任意の登場人物が長口舌を繰り広げる間、のこりの二乃至四名は、間をもたせないといけない。
で、何するか。
顔面芸だ。
この映画は、しゃべくりを聴いている、ほっとくと間抜けな絵になりかねない局面を、眉を動かしたり口をひんまげたりの顔面の筋肉の動きで、如何にしのぐかを役者が競う、それを、笑って見物する、映画。


似たのはこの国にもある。
倉庫で悪漢どもが悪だくみ。
と、頭上から高笑いが。
「誰だ!」
と拳銃を手に誰何する宍戸錠
一味が天井を見上げると、小林旭が、ギターを抱え、歌いながら階段を下りて来るではないか。
その間、飛び道具を構えながらもそれを本来の目的で使用せず、てんでに「くそー」「チクショー」などつぶやきながら、マイトガイが歌い終わるのをお行儀よく待つ悪党一味。
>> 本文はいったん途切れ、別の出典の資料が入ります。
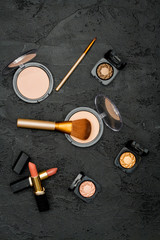 decorative cosmetics nude on dark background top view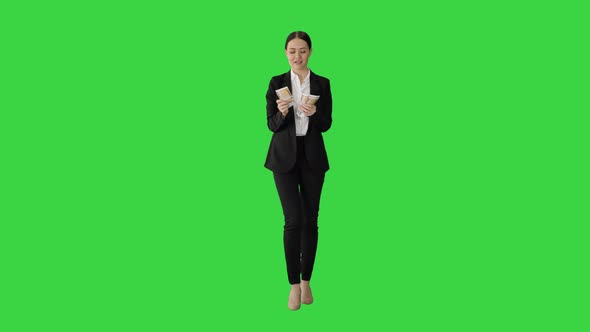 Happy Business Woman Counting Money While Walking on a Green Screen, Chroma Key.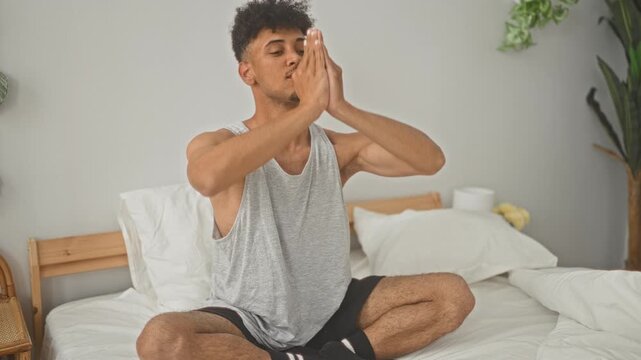 Man sitting crosslegged on bed with hands pressed in prayer gesture in studio during morning routine; calm mindfulness.
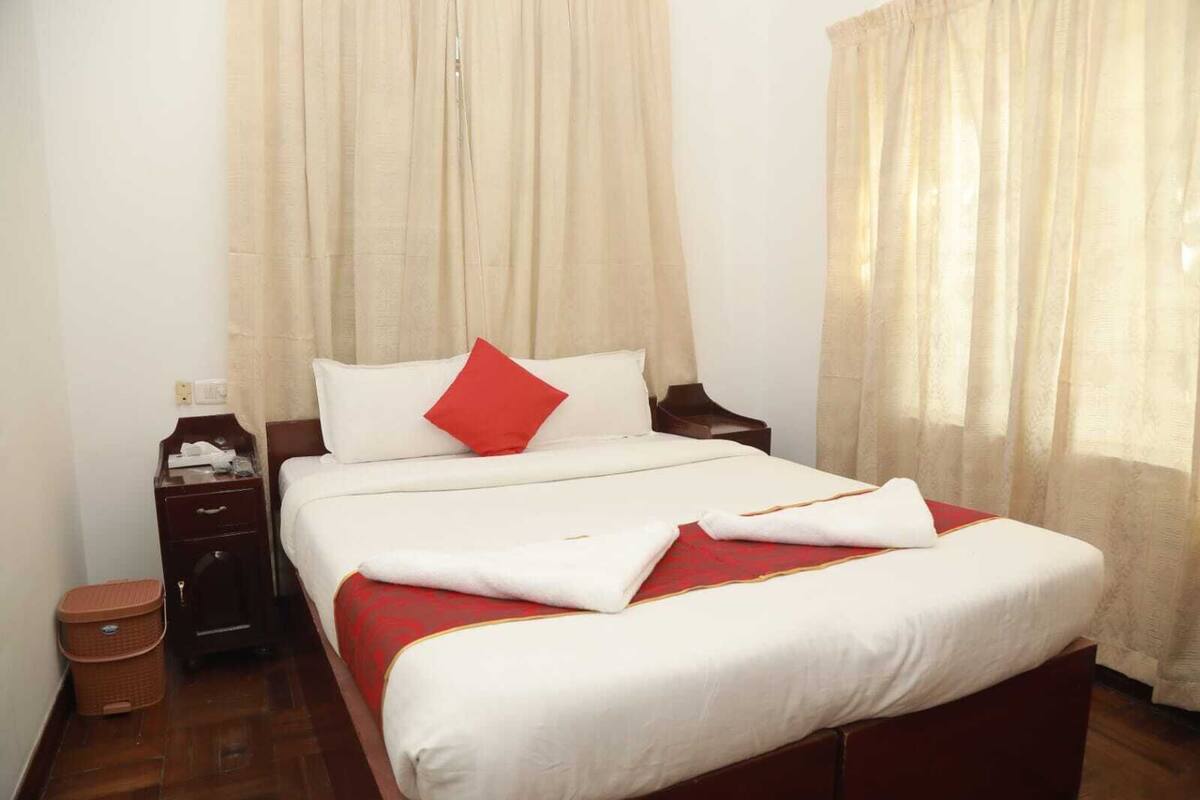 A neatly made bed with a red and white bedspread, a wooden nightstand with a lamp, and a small trash bin.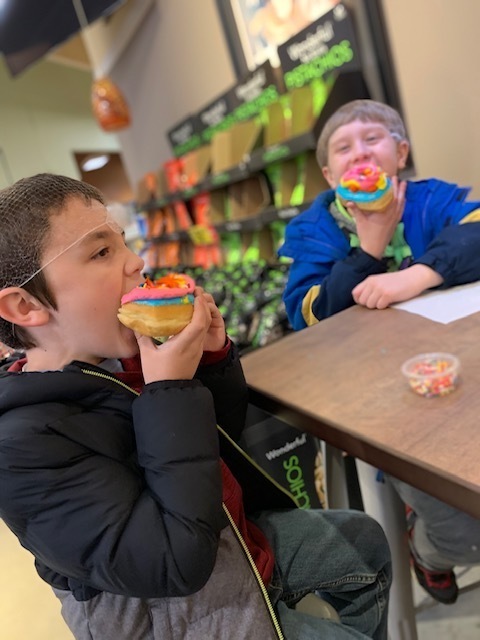 two boys eating donuts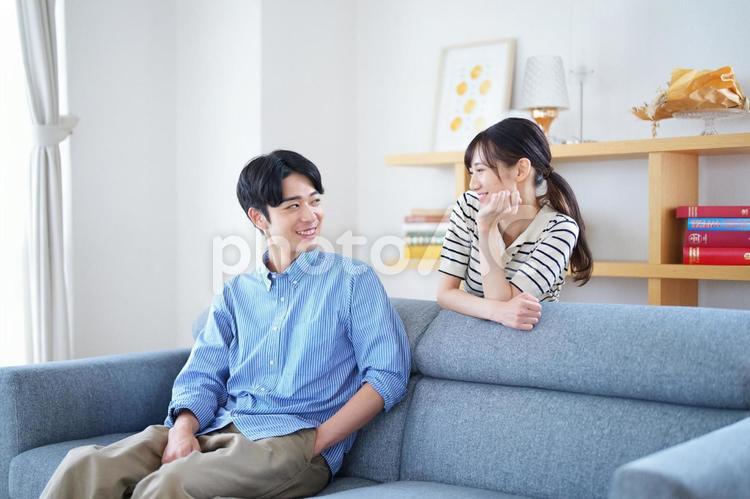 ソファに座る男性と話す女性 男女,ソファ,座るの写真素材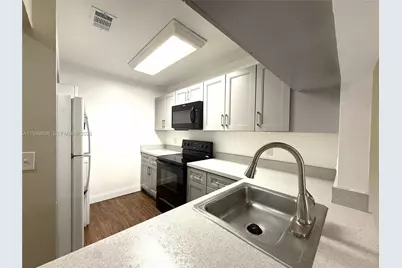 10043 Winding Lake Rd #201, Sunrise, FL 33351 - Photo 1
間をもたす、というのは大変な技だ、と当時10代半ばの主宰は心底感じ入ったのであった。


アイリーン・ダンという人は初めてみるが、輪郭がゲタ、失礼、額縁みたいだから、顔面芸にはうってつけだ。
若いケイリーグラントは、まだケイリーグラント印の顔はできていない。